Let’s get to the good stuff though, the proposed ruling, of course this can all be found on the Domain Web website, just type in case RG11590505. I did, however, create a PDF for your reference because the java viewer is really obnoxious. It’s only 11 pages long (well 10 because the last page is the signature page) and most of it is reciting facts that we all already know.
Here’s the proposed judgment:
1. Plaintiff’s Complaint shall be dismissed in its entirety with prejudice;
2. Judgment shall be entered in favor of Defendant;
3. Pursuant 10 Code of Civil Procedure Section 42S. 16( c ), Defendant is entitled to recover from Plaintiff, and is hereby awarded, its attorneys’ fees and costs incurred in connection with this action. The amount of attorneys’ fees shall be determined upon the filing of a noticed motion pursuant to California Rule of Court 3.1702.
Essentially that means that everything that happened with David Kapler‘s case applies to Ann Marie Gallant’s case too. As a reminder the award to the City against David Kapler was legal fees in the amount of $260K. Plus whatever David Kapler had to pay his own attorney.

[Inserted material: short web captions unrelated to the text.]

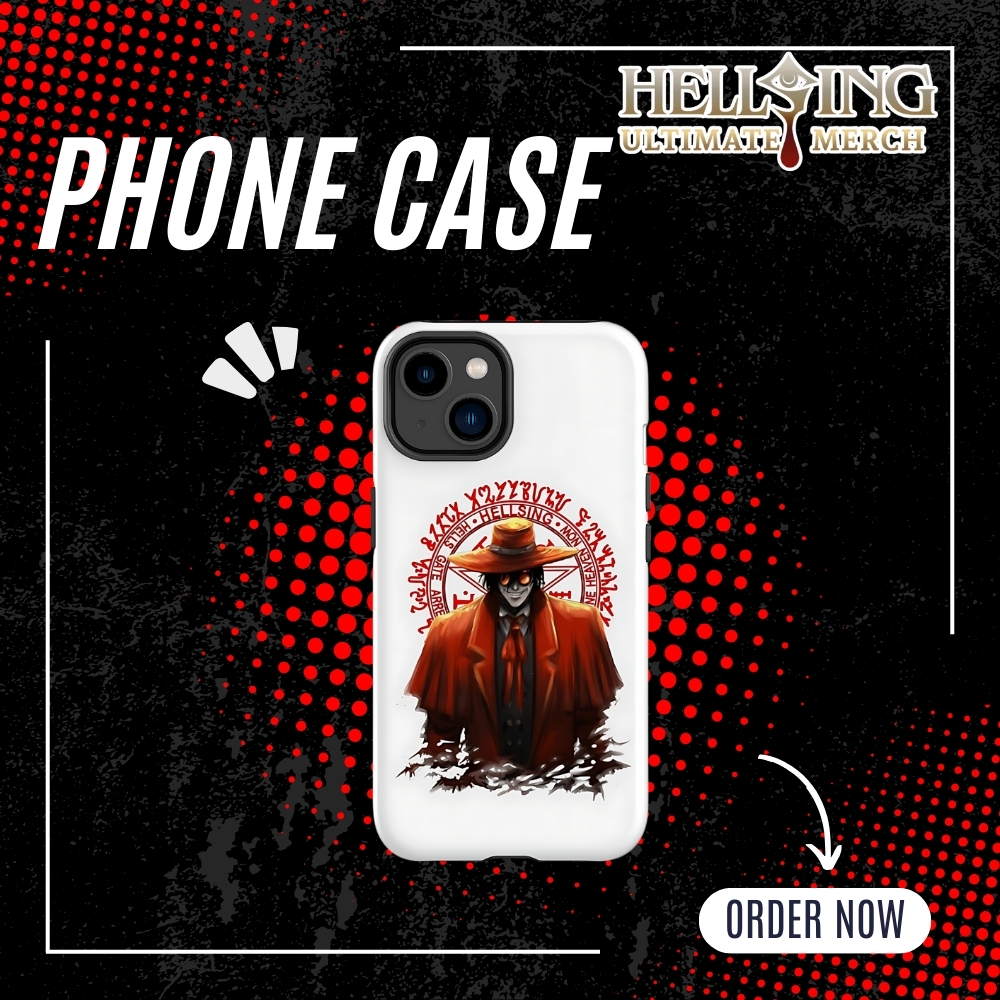 phone case cate 1 - Hellsing Ultimate Merch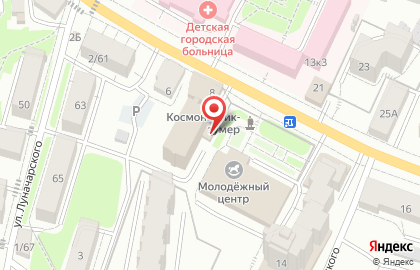 Управление МВД России по г. Калуге Управление экономической безопасности и противодействия коррупции на карте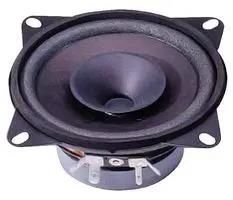 LOUDSPEAKER, TWIN CONE, 4 OHM, 4" FR10HM-4OHM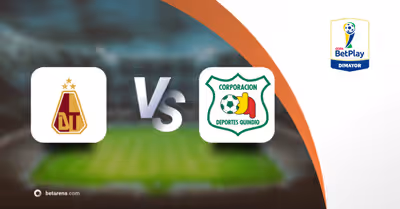 Pronóstico Deportes Tolima vs Deportes Quindío 2026 – Apuestas para el 21/07/2026 en Copa Colombia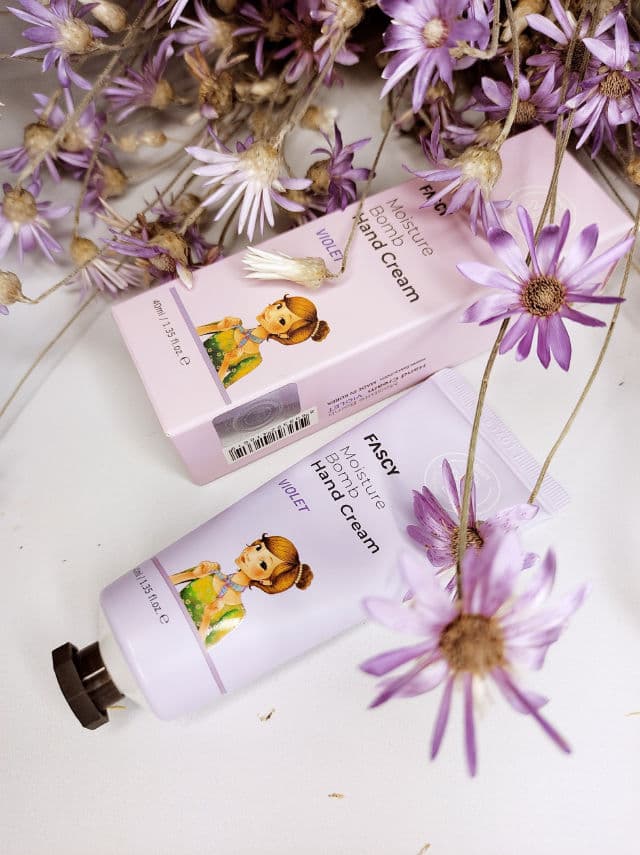 FASCY Lab Moisture Bomb Hand Cream - Violet review photo by Mared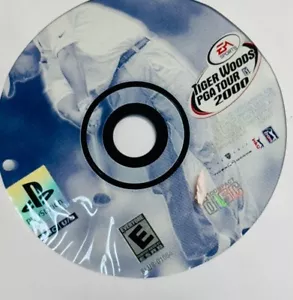 Tiger Woods PGA Tour 2000 (Sony PlayStation 1) PS1 solo disco - Foto 1 di 1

Here are some other relevant passages, these have to do with Ann Marie Gallant’s claim that she was terminated rather than it expiring per her contract:
The Court concludes the Plaintiff’s employment contract was not terminated; rather, it expired in accordance with the terms of Section 2 thereof.
The “Section 2” is:
Section 2 of the contract provides the City with two options:
a. Automatic renewal in 90-day increments on completion the 24-month period; or
b. Non-renewal upon ninety days written notice.
More:
Plaintiff’s arguments to the contrary – all based on statements and actions she attributes to certain council members, and on her being placed on paid leave – are unavailing.
a. As to the various statements, etc., there is no dispute that none of them resulted in any official action other than possibly the decision to do what Defendant had the obvious legal right to do: decline to renew Plaintiff two-year interim contract.
b. As to the administrative leave, Defendant has proffered valid reasons why the task of recruiting and selecting a permanent City Manager should have been given to others, Plaintiff having done nothing about it for most of her interim tenure.
This next set has to do with Ann Marie Gallant’s claim that she was retaliated against for being a “whistleblower”:
11. As the Court has concluded that Plaintiff was not terminated by Defendant, the inquiry may end here.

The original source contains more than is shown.